Dale Runyon part one
DALE RUNYON PART ONE
Dale Runyon, a young car guy from Everett, Washington. A pioneer in hot rodding and customizing in the mid-late 1940’s. A story by Tom Nielsen.
In the beginning:
By the end of WWII the California hot rod craze was moving up the West coast to the larger metropolitan areas of Portland and Seattle. While in its infancy, some young car fans began customizing their everyday drivers and a few creative hot rodders built roadsters out of cast off parts.
In 1945-6 there were a couple speed shops in Seattle and Portland that sold hop-up parts and were involved in racing track roadsters. But for the most part the young car guys had to be resourceful in building a custom or hot rod. They worked on their cars themselves and developed a network of friends who shared ideas and helped each other.
One of these aspiring, ambitious, young car guys was Dale Runyon from Everett, Washington. Everett is about thirty miles north of Seattle where the Boeing 787 Dreamliners are built today. In the forties it was a mill town with a small group of car fans that were pioneers in the area of modifying cars for more performance and better looks.
On the North end of Seattle the Aurora Speedway was located near an amusement park called Playland. The car races there attracted many of the early hot rodders as both spectators and participants. The racing roadsters were one of the main motivating forces in the beginning stages of the hot rod movement in the Pacific Northwest.
Dale told me that he didn’t belong to a car club because there weren’t any clubs to join in the 1940’s. But he and his friends would attend the races at the Seattle track where other cars guys would congregate and show off their customized cars. This was also the time before any custom car shows were being put on in Seattle and before Hot Rod magazine made its debut.
In the forties when he got his driver’s license Dale was working at his parent’s grocery store in South Everett. An ambitious, young, car crazy kid made a promise to his mom that if he got a car he wouldn’t smoke or drink. However, he found himself way too busy and broke to take up those “bad habits” anyway. Everett’s young Dale Runyon was spending all his money and leisure time building hot rods and customs.
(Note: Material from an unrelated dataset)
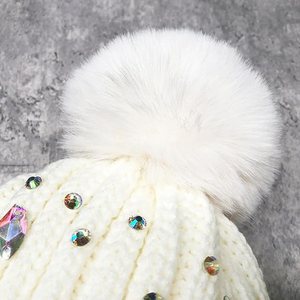 Black Crystal Beanie Hat Rib Knit Winter Warm <b>Cap</b> Women <b>Men</b> Fashion Studded Skull <b>Cap</b> Custom OEM Wholesale - Product Image 3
Newer used cars were hard to come by at that time because of the huge post war demand for cars. Production of automobiles in the US had stopped from 1942 through 1945.
This didn’t deter Dale though and he was always busy fixing up Fords and Mercs. When he sold them he never seemed to have a problem finding his next project. In fact, he built two full custom convertibles that were relatively new cars at the time he began working on them. All this car activity happened between 1945 to 1949.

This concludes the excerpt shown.